A las cinco de la tarde del 22 de junio de 1986, hora de Argentina, la gente comienza a salir a las calles de Buenos Aires y del resto del país. Lo que hasta entonces parecían ciudades desérticas retoman el pulso. La multitud se dirige al Obelisco con el filo de la luz del sol: el invierno acaba de comenzar, es uno de los días más cortos del año. En la Capital Federal garúa, el asfalto está mojado y algunos llevan paraguas. Es, además, un festejo en democracia.

«La gente está en la calle. ¿Qué pasa? ¿Qué son esas bocinas y esas banderas? ¿Quién las llamó? ¿Estarán manipuladas desde arriba? -se preguntará al día siguiente Tiempo Argentino, diario cercano al alfonsinismo, sensible y veloz para mostrar el contrapunto con las movilizaciones, no tan lejanas, en años de dictadura militar-. ¿Otra vez sacaron a la gente a la calle desde los medios de comunicación para echársela encima a la comisión de los Derechos Humanos de la OEA (Organización de los Estados Americanos), como pasó xen 1979? No, esta vez fue genuina.»

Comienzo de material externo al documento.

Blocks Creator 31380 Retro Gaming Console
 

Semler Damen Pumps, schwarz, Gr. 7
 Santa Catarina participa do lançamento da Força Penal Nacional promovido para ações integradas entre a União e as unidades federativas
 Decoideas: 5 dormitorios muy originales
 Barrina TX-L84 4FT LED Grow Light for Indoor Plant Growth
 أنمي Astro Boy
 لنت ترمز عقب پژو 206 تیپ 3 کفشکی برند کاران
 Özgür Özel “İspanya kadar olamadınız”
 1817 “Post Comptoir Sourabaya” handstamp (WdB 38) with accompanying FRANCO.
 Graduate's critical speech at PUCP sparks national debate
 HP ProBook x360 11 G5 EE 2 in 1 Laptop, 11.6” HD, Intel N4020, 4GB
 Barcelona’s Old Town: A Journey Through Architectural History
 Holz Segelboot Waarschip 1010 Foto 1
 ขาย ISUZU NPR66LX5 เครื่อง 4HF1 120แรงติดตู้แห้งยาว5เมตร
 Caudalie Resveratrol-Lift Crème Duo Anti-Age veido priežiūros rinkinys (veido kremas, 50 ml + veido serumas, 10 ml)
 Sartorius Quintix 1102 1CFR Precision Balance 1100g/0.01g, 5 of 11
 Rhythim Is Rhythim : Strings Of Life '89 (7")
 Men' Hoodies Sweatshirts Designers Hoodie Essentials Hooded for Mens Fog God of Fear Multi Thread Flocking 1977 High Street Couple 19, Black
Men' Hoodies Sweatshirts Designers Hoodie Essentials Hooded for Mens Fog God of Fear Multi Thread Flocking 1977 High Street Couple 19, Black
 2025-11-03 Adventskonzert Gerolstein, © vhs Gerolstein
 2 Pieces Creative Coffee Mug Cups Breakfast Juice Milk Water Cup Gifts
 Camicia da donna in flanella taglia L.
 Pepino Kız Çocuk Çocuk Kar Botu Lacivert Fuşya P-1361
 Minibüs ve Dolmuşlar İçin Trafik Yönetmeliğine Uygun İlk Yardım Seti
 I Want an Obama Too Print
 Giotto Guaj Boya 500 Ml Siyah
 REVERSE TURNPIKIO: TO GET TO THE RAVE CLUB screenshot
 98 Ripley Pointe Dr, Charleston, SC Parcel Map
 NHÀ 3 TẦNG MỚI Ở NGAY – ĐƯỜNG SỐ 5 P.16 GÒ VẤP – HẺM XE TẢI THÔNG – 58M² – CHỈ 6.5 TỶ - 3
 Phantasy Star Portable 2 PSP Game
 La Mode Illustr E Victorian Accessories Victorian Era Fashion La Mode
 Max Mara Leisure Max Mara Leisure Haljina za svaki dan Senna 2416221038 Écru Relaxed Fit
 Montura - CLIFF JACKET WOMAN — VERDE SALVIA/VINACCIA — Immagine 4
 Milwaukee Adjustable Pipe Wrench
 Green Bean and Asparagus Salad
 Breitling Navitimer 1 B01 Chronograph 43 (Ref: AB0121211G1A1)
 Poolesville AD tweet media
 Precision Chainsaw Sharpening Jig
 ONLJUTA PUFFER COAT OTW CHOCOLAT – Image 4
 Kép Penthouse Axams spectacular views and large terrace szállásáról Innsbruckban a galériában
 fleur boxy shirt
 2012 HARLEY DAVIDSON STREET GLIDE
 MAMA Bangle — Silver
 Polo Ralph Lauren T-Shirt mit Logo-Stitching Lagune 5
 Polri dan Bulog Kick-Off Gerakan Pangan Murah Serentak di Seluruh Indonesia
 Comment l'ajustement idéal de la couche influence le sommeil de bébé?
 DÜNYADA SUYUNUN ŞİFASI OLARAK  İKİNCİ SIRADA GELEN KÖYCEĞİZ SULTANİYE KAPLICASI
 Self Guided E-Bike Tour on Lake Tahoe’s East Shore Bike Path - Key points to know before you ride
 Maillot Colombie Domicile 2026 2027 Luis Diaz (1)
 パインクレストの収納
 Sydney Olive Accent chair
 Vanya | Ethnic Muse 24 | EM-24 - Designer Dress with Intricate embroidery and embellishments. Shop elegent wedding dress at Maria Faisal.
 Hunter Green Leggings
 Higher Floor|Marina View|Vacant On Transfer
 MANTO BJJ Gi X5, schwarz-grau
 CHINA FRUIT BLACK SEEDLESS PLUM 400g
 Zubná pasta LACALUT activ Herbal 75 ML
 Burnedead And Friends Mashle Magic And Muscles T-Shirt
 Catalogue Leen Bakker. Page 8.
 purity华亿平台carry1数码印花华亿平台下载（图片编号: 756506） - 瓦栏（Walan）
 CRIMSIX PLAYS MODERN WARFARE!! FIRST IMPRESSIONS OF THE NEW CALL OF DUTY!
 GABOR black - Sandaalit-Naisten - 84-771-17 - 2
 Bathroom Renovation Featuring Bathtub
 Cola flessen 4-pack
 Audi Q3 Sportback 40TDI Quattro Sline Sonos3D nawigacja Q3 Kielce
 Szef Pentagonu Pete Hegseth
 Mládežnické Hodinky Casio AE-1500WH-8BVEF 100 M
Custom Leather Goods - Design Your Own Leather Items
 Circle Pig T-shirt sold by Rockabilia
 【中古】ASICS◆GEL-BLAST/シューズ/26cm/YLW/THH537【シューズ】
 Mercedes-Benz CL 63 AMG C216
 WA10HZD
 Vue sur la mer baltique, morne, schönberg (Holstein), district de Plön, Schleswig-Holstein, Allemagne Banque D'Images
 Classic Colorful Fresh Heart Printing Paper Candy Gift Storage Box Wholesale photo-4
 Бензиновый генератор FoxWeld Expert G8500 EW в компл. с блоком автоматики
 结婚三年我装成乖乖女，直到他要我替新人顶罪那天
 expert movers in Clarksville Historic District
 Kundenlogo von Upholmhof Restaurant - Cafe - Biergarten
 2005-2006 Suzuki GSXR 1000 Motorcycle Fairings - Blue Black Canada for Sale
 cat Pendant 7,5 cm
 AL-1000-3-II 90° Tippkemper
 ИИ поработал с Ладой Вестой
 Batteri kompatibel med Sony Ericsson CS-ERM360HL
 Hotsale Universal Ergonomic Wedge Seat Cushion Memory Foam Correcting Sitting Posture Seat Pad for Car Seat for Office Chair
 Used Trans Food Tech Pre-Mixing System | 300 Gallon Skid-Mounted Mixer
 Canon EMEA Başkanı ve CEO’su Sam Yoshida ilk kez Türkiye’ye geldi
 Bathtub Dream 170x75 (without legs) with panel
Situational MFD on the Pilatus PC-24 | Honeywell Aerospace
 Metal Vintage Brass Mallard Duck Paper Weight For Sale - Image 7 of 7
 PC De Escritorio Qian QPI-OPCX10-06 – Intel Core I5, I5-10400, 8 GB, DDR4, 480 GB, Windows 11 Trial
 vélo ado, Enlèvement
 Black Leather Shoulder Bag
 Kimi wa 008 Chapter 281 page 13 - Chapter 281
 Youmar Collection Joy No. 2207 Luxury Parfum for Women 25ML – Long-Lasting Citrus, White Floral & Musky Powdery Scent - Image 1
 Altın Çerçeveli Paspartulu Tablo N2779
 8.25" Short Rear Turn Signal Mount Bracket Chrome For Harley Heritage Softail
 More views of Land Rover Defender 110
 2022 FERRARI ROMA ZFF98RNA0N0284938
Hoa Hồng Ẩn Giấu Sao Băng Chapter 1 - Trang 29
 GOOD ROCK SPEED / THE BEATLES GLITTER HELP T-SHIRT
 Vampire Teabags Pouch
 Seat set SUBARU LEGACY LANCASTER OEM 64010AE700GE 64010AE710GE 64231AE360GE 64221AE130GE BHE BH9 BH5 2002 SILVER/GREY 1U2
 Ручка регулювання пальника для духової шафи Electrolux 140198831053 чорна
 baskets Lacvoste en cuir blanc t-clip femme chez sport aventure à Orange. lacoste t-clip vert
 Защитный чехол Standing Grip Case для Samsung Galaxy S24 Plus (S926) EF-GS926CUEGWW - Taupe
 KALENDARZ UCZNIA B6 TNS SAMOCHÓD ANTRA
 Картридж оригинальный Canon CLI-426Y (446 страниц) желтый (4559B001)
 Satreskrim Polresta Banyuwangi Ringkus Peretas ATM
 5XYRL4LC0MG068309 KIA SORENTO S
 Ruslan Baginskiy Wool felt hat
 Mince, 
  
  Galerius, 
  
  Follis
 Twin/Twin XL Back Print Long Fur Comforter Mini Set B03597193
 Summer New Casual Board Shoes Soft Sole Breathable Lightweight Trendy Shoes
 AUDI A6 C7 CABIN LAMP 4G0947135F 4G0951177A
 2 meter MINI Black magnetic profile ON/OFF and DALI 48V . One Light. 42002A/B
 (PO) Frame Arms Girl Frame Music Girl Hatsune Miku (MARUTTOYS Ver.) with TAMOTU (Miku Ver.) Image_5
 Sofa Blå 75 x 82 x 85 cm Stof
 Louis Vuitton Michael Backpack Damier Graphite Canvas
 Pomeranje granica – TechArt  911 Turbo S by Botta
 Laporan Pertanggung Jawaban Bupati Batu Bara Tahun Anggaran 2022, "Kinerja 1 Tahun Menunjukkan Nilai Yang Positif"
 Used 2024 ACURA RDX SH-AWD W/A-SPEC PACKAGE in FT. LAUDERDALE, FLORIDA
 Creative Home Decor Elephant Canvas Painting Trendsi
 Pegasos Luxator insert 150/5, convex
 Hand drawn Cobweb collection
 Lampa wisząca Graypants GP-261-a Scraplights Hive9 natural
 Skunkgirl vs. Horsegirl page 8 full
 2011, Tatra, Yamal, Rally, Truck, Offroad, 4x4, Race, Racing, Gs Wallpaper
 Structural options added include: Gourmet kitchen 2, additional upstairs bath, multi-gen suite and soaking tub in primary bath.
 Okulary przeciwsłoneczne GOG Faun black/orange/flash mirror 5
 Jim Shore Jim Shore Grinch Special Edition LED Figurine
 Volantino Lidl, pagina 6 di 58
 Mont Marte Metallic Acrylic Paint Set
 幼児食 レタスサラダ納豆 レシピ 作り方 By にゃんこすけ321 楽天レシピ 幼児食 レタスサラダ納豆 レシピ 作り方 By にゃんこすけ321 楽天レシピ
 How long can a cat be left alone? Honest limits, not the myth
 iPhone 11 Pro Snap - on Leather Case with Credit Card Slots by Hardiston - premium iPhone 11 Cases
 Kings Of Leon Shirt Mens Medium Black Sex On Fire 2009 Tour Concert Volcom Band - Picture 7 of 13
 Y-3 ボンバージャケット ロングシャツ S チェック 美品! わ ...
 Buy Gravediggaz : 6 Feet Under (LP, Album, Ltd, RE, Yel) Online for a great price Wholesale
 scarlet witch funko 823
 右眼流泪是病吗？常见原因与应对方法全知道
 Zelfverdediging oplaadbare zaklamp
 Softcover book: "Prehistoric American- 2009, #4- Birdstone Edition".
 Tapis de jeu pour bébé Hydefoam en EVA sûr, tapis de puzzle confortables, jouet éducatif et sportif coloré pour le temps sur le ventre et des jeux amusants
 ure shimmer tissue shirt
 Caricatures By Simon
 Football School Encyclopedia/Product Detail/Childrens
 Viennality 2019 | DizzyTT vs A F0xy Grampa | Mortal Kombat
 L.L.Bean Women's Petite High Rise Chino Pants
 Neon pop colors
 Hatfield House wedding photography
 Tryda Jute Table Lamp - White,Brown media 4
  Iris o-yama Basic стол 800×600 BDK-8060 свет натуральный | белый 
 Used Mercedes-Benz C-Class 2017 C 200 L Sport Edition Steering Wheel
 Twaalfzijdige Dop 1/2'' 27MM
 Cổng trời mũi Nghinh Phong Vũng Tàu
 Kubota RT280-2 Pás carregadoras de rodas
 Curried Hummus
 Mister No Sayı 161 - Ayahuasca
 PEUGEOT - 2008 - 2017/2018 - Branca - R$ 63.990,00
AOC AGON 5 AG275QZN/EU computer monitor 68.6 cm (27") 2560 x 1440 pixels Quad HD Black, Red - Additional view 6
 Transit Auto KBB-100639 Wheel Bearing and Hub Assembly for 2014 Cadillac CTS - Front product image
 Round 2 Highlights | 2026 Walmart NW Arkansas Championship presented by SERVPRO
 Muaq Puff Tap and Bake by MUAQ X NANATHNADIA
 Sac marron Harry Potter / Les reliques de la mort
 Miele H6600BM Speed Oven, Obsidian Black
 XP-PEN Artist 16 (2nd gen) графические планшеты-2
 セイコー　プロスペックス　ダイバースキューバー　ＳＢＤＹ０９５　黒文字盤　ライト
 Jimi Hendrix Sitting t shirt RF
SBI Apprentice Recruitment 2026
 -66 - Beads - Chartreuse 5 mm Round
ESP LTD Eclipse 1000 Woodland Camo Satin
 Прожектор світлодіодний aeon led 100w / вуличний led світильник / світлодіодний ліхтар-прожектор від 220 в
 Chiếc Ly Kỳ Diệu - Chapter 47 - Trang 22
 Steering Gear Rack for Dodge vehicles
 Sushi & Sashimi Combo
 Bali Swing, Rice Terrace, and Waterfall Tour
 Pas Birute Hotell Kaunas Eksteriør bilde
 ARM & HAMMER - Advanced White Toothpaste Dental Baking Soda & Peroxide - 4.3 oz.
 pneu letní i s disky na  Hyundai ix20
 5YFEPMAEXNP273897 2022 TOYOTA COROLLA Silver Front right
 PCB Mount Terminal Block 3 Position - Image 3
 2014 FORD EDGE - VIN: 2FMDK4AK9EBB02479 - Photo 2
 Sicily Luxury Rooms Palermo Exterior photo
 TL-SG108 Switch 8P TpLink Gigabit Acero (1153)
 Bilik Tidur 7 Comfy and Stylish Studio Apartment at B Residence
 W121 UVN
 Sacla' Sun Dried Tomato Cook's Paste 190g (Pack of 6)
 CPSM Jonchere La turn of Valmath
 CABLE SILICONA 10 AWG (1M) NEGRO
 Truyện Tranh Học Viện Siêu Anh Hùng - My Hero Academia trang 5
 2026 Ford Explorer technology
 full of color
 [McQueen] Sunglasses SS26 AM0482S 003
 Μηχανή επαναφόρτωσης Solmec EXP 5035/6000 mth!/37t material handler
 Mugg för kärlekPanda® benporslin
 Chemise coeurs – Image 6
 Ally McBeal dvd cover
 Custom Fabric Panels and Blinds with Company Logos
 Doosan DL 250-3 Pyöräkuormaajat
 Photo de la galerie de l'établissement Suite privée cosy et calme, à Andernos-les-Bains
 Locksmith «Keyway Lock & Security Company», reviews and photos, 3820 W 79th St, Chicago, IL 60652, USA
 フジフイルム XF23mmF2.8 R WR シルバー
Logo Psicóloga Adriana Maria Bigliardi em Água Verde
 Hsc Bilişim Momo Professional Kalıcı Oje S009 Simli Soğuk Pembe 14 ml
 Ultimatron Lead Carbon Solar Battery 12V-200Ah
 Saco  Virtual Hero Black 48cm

La gente salta para no ser un inglés. Los cantos se suceden, uno detrás de otro. La Thatcher, la Thatcher, la Thatcher ¿dónde está?, la está buscando Diego para cogerselá. Maradooo, Maradooo. ¡Thatcher, la Copa se mira y no se toca! Pan y vino, pan y vino, el que no grita Argentina para qué carajo vino. ¡Ingleseees, hijos de putaaa, la puta que los parióoo, ingleses, hijos de puta, la puta que los parióoo! Un par de banderas del Reino Unido son primero exhibidas como trofeos de guerra y después quemadas. Hay aplausos, efervescencia. En La Plata, pese a la lluvia, flamean los colores argentinos. En Córdoba, en la intersección de Colón y General Paz, se canta por las Malvinas. En Rosario, el punto de encuentro es el Monumento a la Bandera. Una de las columnas más gruesas llega justo cuando un guardia de infantería, como todos los atardeceres, arría la bandera. Los fanáticos quieren apropiársela para sumarla a los festejos, los gendarmes la defienden y hay algún momento de tensión, pero todo termina de manera celebratoria: los hinchas abrazan y besan a los uniformados. En San Miguel de Tucumán, 5.000 personas copan las escalinatas de la Casa de Gobierno: tampoco los detiene la llovizna. Setenta kilómetros al sur de la capital provincial, en Río Seco, un jubilado tucumano se suma a los festejos, se siente mal, sufre un síncope cardíaco y muere en la calle.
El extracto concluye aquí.